No primeiro caso, as decisões dos bancos centrais, favoráveis ou contrárias ao uso de crptomoedas, dividem opiniões entre analistas e executivos do setor. “Dividir entre” sugere “repartir” (dividir o prêmio entre os ganhadores), portanto não nos parece a melhor escolha. Esse problema, porém, poderia ser sanado com a substituição de “entre” por “de”, preposição que estaria ligada ao substantivo “opiniões” (opiniões de analistas e executivos).
É interesante observar a segunda passagem destacada, na qual o que divide opiniões não é o assunto, como seria de esperar.
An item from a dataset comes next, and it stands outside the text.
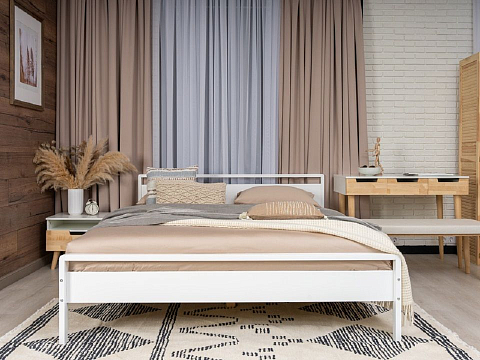 Двуспальная деревянная кровать Alma - Кровать из массива в минималистичном исполнении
Agora os analistas e executivos do setor é que dividem opiniões “sobre os efeitos que a maior presença das entidades monetárias pode trazer ao segmento”, ou seja, pessoas dividem opiniões sobre um tema.
Afinal, o tema divide opiniões de pessoas (primeira passagem) ou pessoas dividem opiniões sobre o tema (segunda passagem)?
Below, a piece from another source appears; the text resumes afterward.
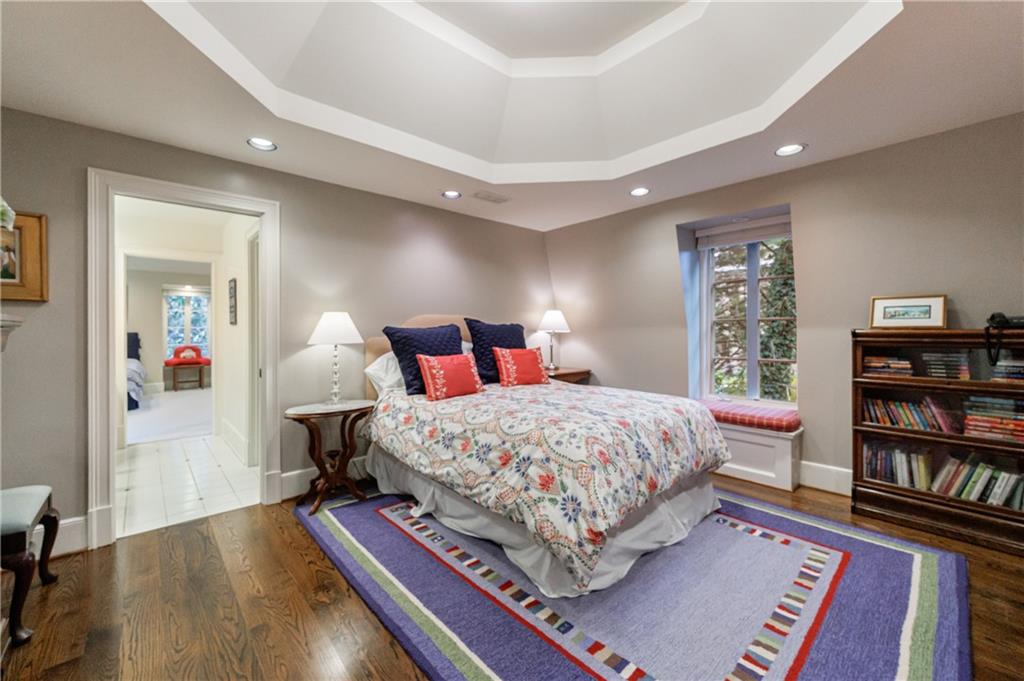 3302 W Andrews Drive NW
O sujeito de “dividir opiniões” é o tema, não as pessoas que o discutem. “Dividir opiniões” é mais ou menos o mesmo que “ser polêmico”. Assim, parece-nos, finalmente, que, sobre a segunda passagem, seria correto dizer que os efeitos da maior presença das entidades monetárias no segmento de criptomoedas é que dividem opiniões de analistas e executivos. Assim:
Os efeitos da maior presença das entidades monetárias no segmento de criptomoedas dividem opiniões de analistas e executivos do setor.
O segundo tema que vamos abordar aqui é o emprego do verbo “chegar” quando ligado a quantias ou somas. Em geral, nós usamos o termo para indicar a elevação, não a redução. Por exemplo: os valores desviados chegaram a R$ 200 mil ou os valores desviados não chegaram a R$ 20 mil. Na frase afirmativa, o valor é alto; na frase negativa, o valor é bem mais baixo. Tanto em uma como em outra, no entanto, subentende-se como ponto de partida o zero ou, pelo menos, um valor inferior às quantias expressas.
Causou-nos certa estranheza o uso de “chegar a” feito no infográfico que fornece dados sobre o câncer de estômago, publicado a propósito da doença do prefeito de São Paulo, Bruno Covas. Vejamos:
31%
é a taxa de sobrevivência média de pacientes com câncer de estômago cinco anos após o diagnóstico, segundo estatísticas americanas; esse índice chega a 5% quando há presença de metástase
Como o ponto de partida é 31%, o índice sofre uma redução, aliás bastante expressiva. O mais comum seria dizer que o índice cai para 5% ou se reduz a 5%. “Chega a 5%” sugere que o ponto de partida seja inferior, não superior.
Sintetizando os dois temas tratados hoje, temos o seguinte:
- o sujeito de “dividir opiniões” é um tema, um fato, algo abstrato;
- “chegar a”, quando exprime quantias ou valores, sugere aumento, elevação de um ponto inferior a um ponto superior.